Assignment » Nothing but the lines below, from the first through the line containing "BLANC ET BLEU", should be set down, each one exactly and without pictures.

Data excerpts »
▬▬▬▬▬▬
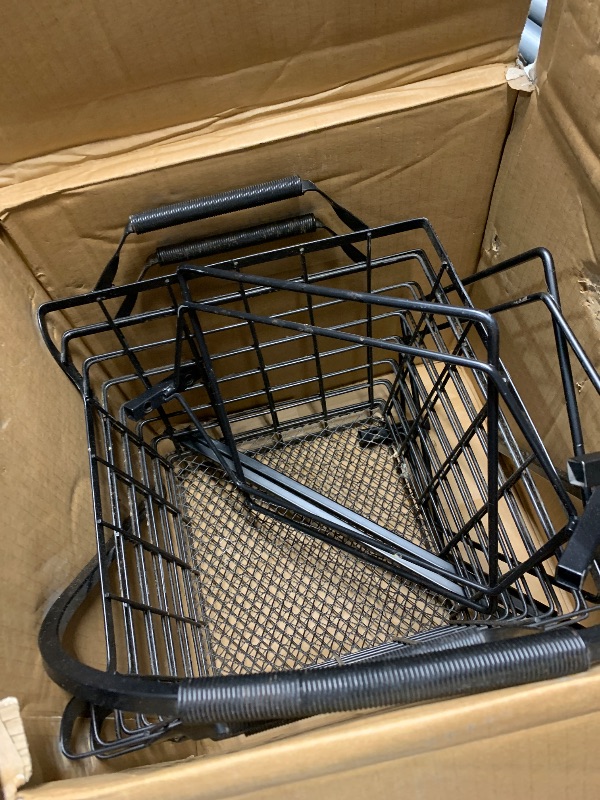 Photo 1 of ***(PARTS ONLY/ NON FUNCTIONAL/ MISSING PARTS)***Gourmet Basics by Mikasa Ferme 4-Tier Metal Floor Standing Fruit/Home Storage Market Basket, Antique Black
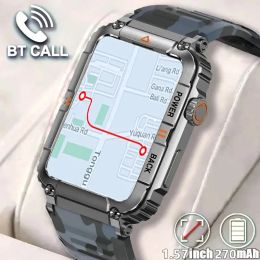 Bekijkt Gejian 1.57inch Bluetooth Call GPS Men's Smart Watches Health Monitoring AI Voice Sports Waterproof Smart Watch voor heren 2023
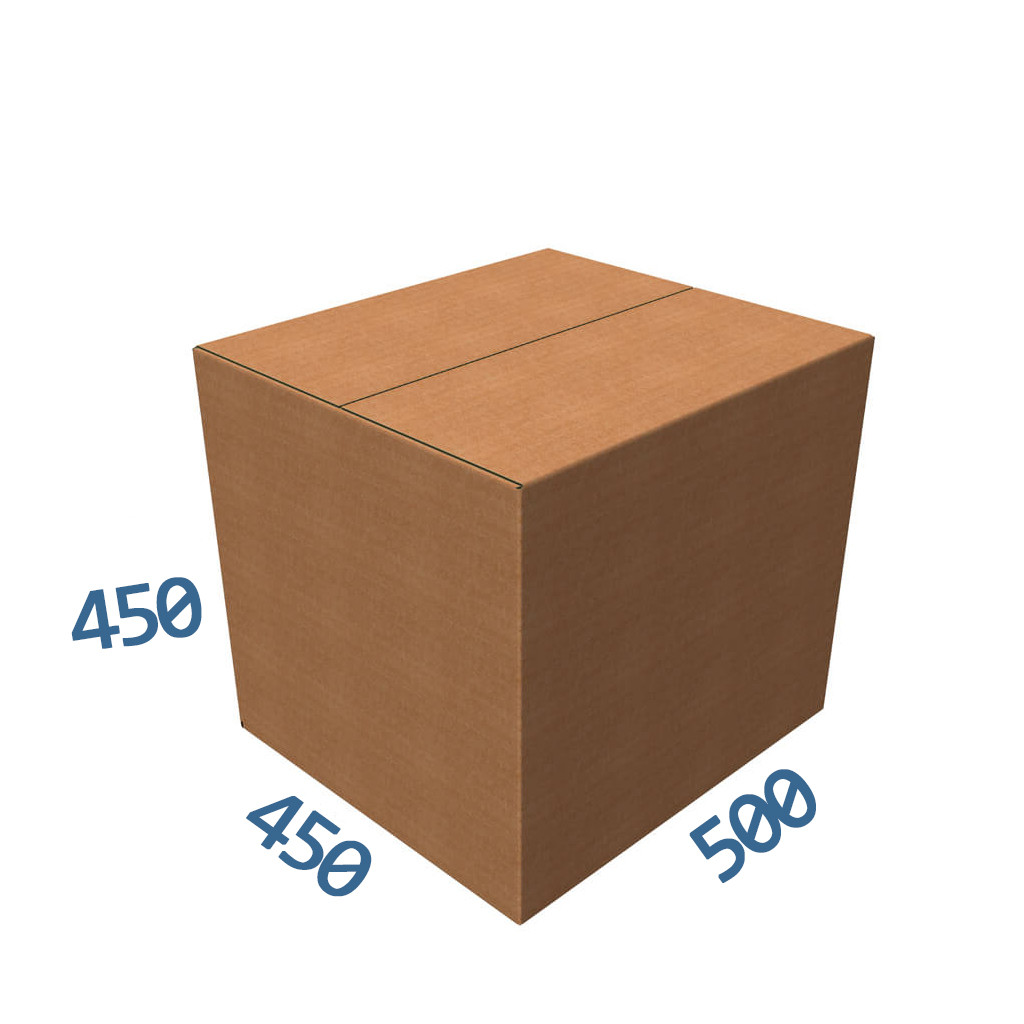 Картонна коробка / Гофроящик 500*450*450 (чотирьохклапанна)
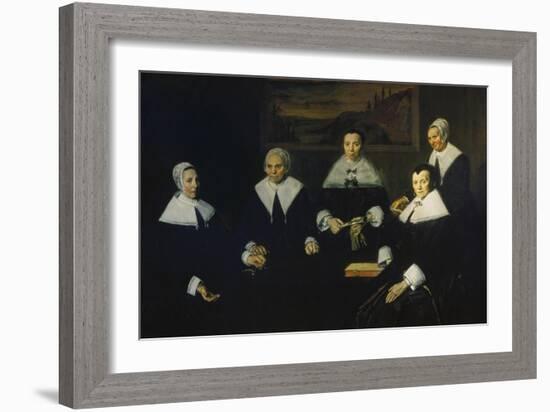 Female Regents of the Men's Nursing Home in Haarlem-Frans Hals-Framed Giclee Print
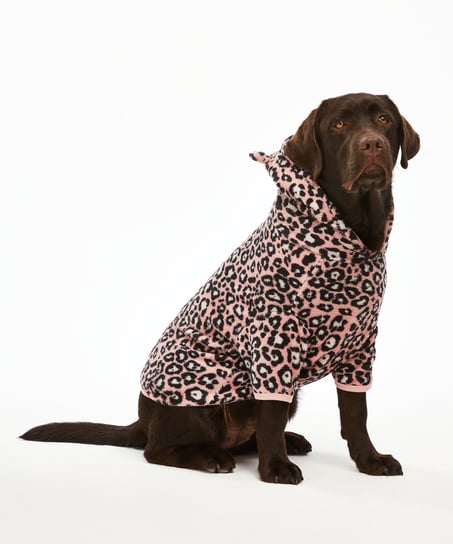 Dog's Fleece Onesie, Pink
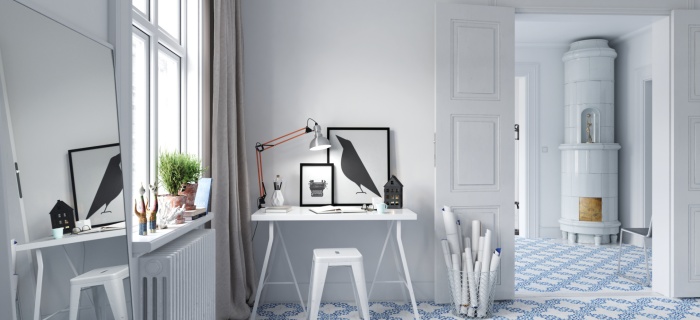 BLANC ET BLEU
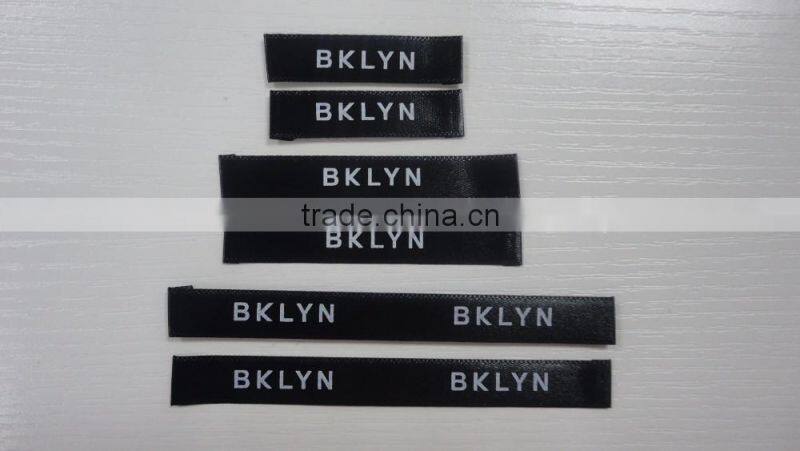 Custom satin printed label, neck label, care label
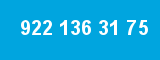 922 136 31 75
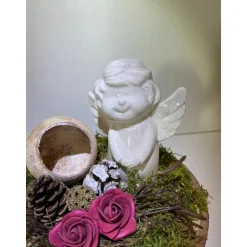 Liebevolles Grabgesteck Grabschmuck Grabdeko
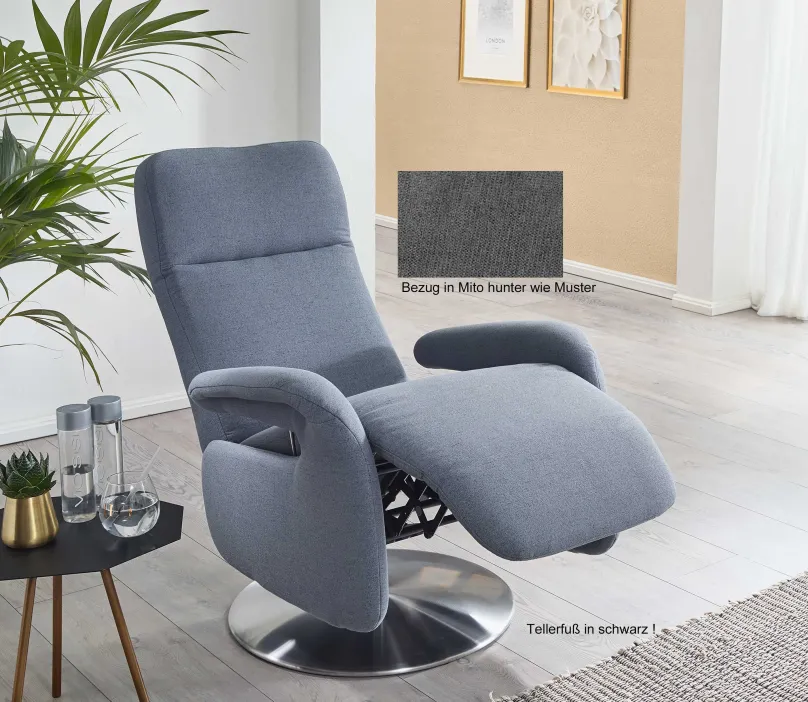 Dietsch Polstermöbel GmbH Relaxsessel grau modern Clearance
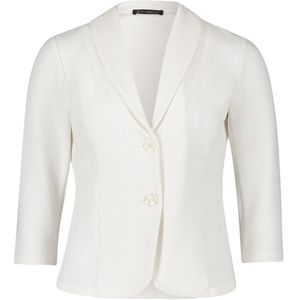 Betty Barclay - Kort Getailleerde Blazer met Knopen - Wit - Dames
▬▬▬▬▬▬
Exercise response »
 Photo 1 of ***(PARTS ONLY/ NON FUNCTIONAL/ MISSING PARTS)***Gourmet Basics by Mikasa Ferme 4-Tier Metal Floor Standing Fruit/Home Storage Market Basket, Antique Black
 Bekijkt Gejian 1.57inch Bluetooth Call GPS Men's Smart Watches Health Monitoring AI Voice Sports Waterproof Smart Watch voor heren 2023
 Картонна коробка / Гофроящик 500*450*450 (чотирьохклапанна)
 Female Regents of the Men's Nursing Home in Haarlem-Frans Hals-Framed Giclee Print
 Dog's Fleece Onesie, Pink
 BLANC ET BLEU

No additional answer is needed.